- _Exercise brief_: Return the data below unaltered, but strip out the pictures.
(Information provided)
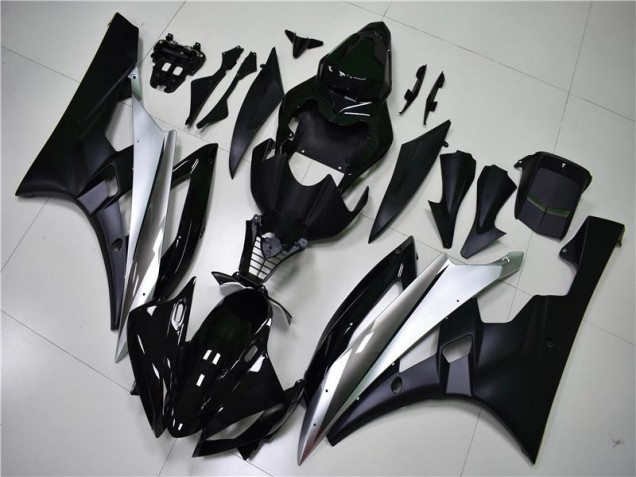 Kit Carénages Complet R6 06-07 - Argent Noir Kit Carénages Complet R6 06-07 - Argent Noir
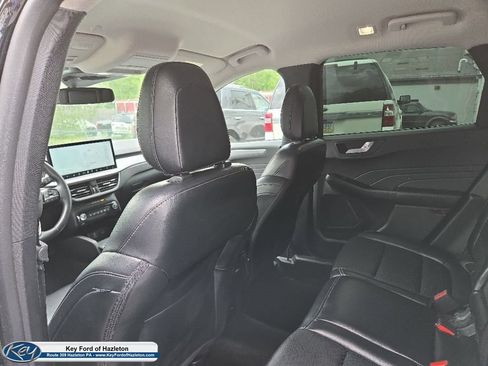 Used 2024 Ford Escape Platinum AWD/4WD image 36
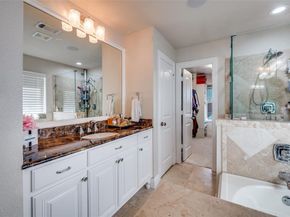 7717  Frio River Road , Arlington Texas 76001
(End Information provided)
- _Solution to this task_:
 Kit Carénages Complet R6 06-07 - Argent Noir Kit Carénages Complet R6 06-07 - Argent Noir
 Used 2024 Ford Escape Platinum AWD/4WD image 36
 7717  Frio River Road , Arlington Texas 76001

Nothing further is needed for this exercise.